Genèse coloniale d'un génocide
Pour comprendre les évènements, il est important de remonter à l'époque
coloniale, plus exactement au lendemain de la Première Guerre mondiale,
quand la Société des Nations donne à la Belgique un mandat
d'administration du Ruanda-Urundi, auparavant rattaché à l'Allemagne. La
Belgique le rattachera administrativement au Congo belge en 1925.
Rapidement, les colons vont chercher à ethniciser les populations,
appliquant les théories raciales européennes à la société rwandaise.
La population du royaume du Rwanda est regroupée en une vingtaine de
clans familiaux, où se côtoient trois groupes socio-économiques: les
Hutus (84% de la population, majoritairement cultivateurs), les Tutsis
(15% de la population, en majorité éleveurs, propriétaires de troupeaux)

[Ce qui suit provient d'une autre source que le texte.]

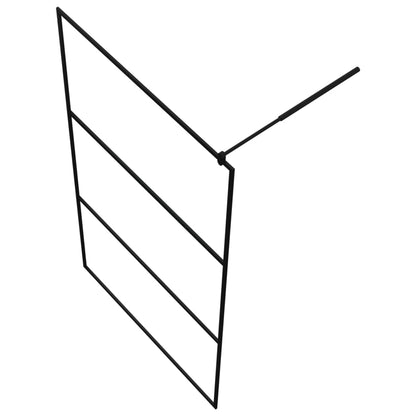 Inloopdouchewand Transparant 115X195 Cm Esg-Glas Zwart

et les Twa (1% de la population). Ils partagent la même langue, le
kinyarwanda, les même coutumes et religion. Mais les colons vont
ethniciser ces groupes sociaux, en cherchant à leur attribuer des traits
physiques et intellectuels. Avec l'appui de l'église catholique, ils y
implantent aussi une théorie sur l'origine de ces ethnies, «l'hypothèse
hamitique», qui trouve ses fondements dans la Bible et les théories
raciales de l'époque. Elle va servir de base aux colons pour considérer
les Tutsis comme supérieurs aux Hutus et choisir de les traiter de façon
privilégiée. En 1931, cette discrimination prend notamment la forme de
la mise en place d'un livret d'identité mentionnant l'ethnie[1].
La France et le Rwanda: une relation rapprochée
Le 1er novembre 1959 commence la révolution rwandaise, qui mènera d'un
coté à l'indépendance du Rwanda en 1962, mais aussi aux premiers
massacres de Tutsis par les révolutionnaires Hutus, les tensions entre
les groupes ayant été attisées par les colons et l'église sentant monter
les revendications anticoloniales. 336000 Tutsi·es sont contraint·es à
l'exil dans les pays voisins, soit la moitié de la population tutsie du
pays.
Les tensions vont continuer leur escalade. Le 5 juillet 1973, le général
pro-hutu Juvénal Habyarimana prend le pouvoir par un coup d'état, dans
une période de fortes persécutions contre les tutsis. Il crée en 1975 le
Mouvement révolutionnaire national pour le développement (MRND) qui
devient le parti unique du pays. La même année, la France, présidée par
Giscard d'Estaing, signe un accord de coopération militaire avec le
Rwanda. Ce sera l'une des premières étapes d'une relation rapprochée.
En 1987, des exilés tutsis en Ouganda créent le Front patriotique
rwandais (FPR), dans le but de préparer la lutte armée contre la
dictature d'Habyarimana. Le 1er octobre 1990, le FPR lance une offensive
sur le nord du Rwanda, c'est le début de la guerre civile rwandaise qui
oppose le FPR aux Forces armées rwandaises (FAR).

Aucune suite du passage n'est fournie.